Nesta linha de raciocínio conclui-se que o destino do experimento humano depende do resultado de uma disputa entre as responsabilidades e as omissões da sociedade, em relação aos direitos e deveres humanos, o que amplia a relevância objetiva de orientações contidas na Fratelli Tutti, gigante em sua dimensão ética e espiritual. De fato, estamos em plena decadência dos valores morais, vivendo uma espécie de era dos bajuladores, das afrontas à ciência e das propagandas mentirosas como aquela da FPA, sobre o paraquat.       

Aliás, aquele caso ilustra bem o que se passa em países subalternos, com instituições públicas tuteladas pelo mercado. Após proibir o uso de lixo tóxico vetado em 50 países, a ANVISA voltou atrás e acabou autorizando sua desova nos campos do Brasil. Atendia assim, às custas de sua já frágil credibilidade, demandas das empresas de veneno veiculadas em propaganda assinada por Frente Parlamentar que deveria defender os interesses de nosso povo. Naquela peça, a FPA afirmava que, com a supressão do paraquat, o custo de produção e o preço dos alimentos seria triplicado, levando à carestia alimentar e ao crescimento, em milhões, da legião de desempregados que vaga neste país. “A pior das pragas é a desinformação”, intitulava aquele rol de afirmações enganosas.

Em verdade, desde o golpe apoiado por aquele grupo, o Brasil se perde nas queimadas, no envenenamento das águas, na morte de indígenas, nas fake news, na destruição de bens públicos, do sistema de saúde, na descredibilização das instituições públicas e do Estado, com relação aos direitos e necessidades humanas. Já ultrapassamos as 43 milhões de pessoas em situação de insegurança alimentar. E o auxílio emergencial, que minora a desesperança em 43% dos domicílios do país, proporção que supera os 45% entre os lares dos Estados do Norte e Nordeste, será reduzido de R$ 600 para R$ 300, em dezembro. E cresce o desemprego, enquanto os agrotóxicos se beneficiam de isenções de impostos.

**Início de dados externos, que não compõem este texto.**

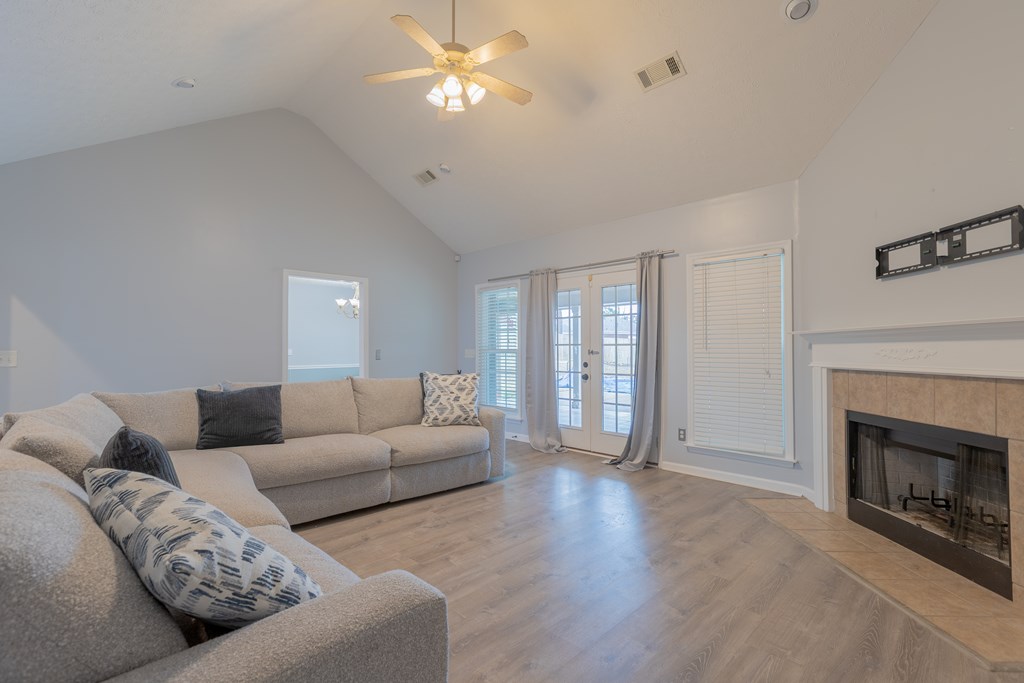 8052 ORCHARD HILL DRIVE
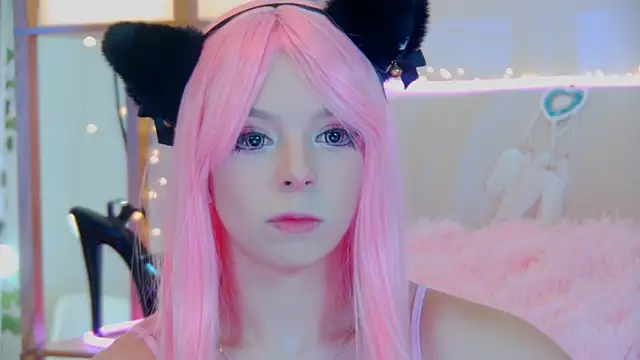 ElisabethDavis online show from September 21, 2025, 3:13 pm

A Encíclica destaca o fundamental: “na obsessão por reduzir os custos laborais sem se dar conta das graves consequências que provoca”... “o racismo que se dissimula”... “uma concessão da pessoa humana que admite a possibilidade de a tratar como um objeto”... “reduzida a propriedade de alguém; é tratada como meio, e não como fim”.

Não podemos aceitar, e podemos mudar isso mobilizando muitos a “fazer face aos efeitos destrutivos do império do dinheiro”, como pede Francisco. Apoiando as organizações sociais, elegendo vereadores e prefeitos ambientalistas, antifascistas, recriando a fraternidade responsável, ou, mais simplesmente, assumindo que de fato temos que reagir, conscientes de que “A solidariedade, entendida no seu sentido mais profundo, é uma forma de fazer história e é isto que os movimentos populares fazem”. (Francisco, Fratelli Tutti)

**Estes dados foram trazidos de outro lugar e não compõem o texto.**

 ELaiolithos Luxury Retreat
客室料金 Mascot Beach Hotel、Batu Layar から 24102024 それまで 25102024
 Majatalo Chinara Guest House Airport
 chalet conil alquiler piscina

Como curiosidade, hoje, dia 9 de outubro, o Prêmio Nobel da Paz foi concedido ao Programa Mundial de Alimentos (PMA), uma agência da ONU que adotou iniciativas aqui encaminhadas pelo governo Lula e posteriormente abortadas pelo golpe, de forma coerente com eventos examinados por Chomsky e Francisco. E ele continua ameaçado de prisão, sem provas, enquanto ex-ministros somem de cena, fugindo ou não para o exterior.

Para finalizar, recomendo, como fez Francisco em sua Fratelli Tutti, que prestemos atenção à beleza e à mensagem de Vinicius de Moraes e Baden Powell, no Samba da Bênção. Que os santos, orixás, encantados e espíritos ligados à vida, orientem os esforços de todos, nesta campanha eleitoral.